Our History

The Computational Biology and Bioinformatics Group of the Biosciences Division was created in February 1997. The Computational Biology Program continues the ORNL biomedical research that started 50 years ago. Building on strong and often unique competencies and special facilities in bioinformatics, the section pursues research and development to understand the fundamental questions in the life sciences, biological systems, and human health.

Our Mission

Our mission is to address fundamental questions in the life sciences and provide information and analytical resources to the wider biology research community. We achieve these goals through our research and development at the intersection of the life sciences, mathematics, information technology, and computational science. Our research program covers several high-impact scientific areas including:

• methods for gene discovery and the analysis of genomes,
• simulation and modeling of protein folding and functional and structural classification using artificial intelligence-based techniques,
• systems for computational forensics and video processing,
• medical applications of intelligent systems, and
• the development of bioinformatics tools and systems for use by the research community

Our Challenge

The interpretation of sequenced genomes represents our next great challenge. Interfacing computing and biology, we hope to provide knowledge which is of immeasurable value to medical research, biotechnology, the pharmaceutical industry and researchers in a host of fields ranging from microorganism metabolism, to structural biology, to bioremediation. We are developing new ways of recognizing and understanding the many important features of genomes. We are defining the infrastructure necessary for high quality and comprehensive analysis and sequence annotation processes.

We are constructing a comprehensive framework for analysis and annotation using a distributed interoperable system of analysis servers and biodatabases. We have designed and continue to develop major online analytical systems for genomics such as the GRAIL® and genQuest Internet servers.

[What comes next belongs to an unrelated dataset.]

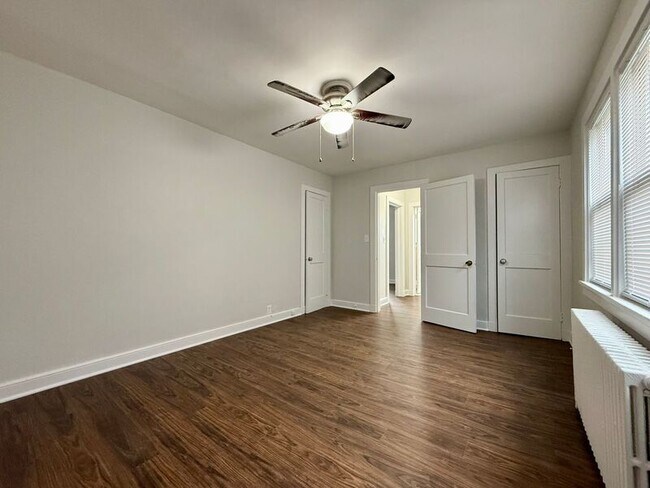 Building Photo - 1400 Kenmore Ave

The generation of new genome sequence and functional data is also one of our focus areas, and we are developing high-throughput sequencing capabilities and advanced sequencing automation. In order to deal with the flood of genome data, we have set a high priority to improve the efficiency of protein characterization based on protein sequence. We are developing new algorithms and tools for protein structure prediction and functional classification using a variety of techniques such as neural networks, protein threading, global optimization, genetic algorithms, and molecular dynamics.

With the increased amount and complexity of biodata, an we place an emphasis is the architectural design and construction of integrated analysis systems, databases, and knowledge bases for such data. We are addressing fundamental research issues related to the design, development and maintenance of bioinformation databases, Internet tools, query systems, and other types of bioresources. Our research issues include biodata representation, database and analysis system interoperation, data integration, automated agent-based data retrieval and update technologies, semantics, data mining, and knowledge discovery methods.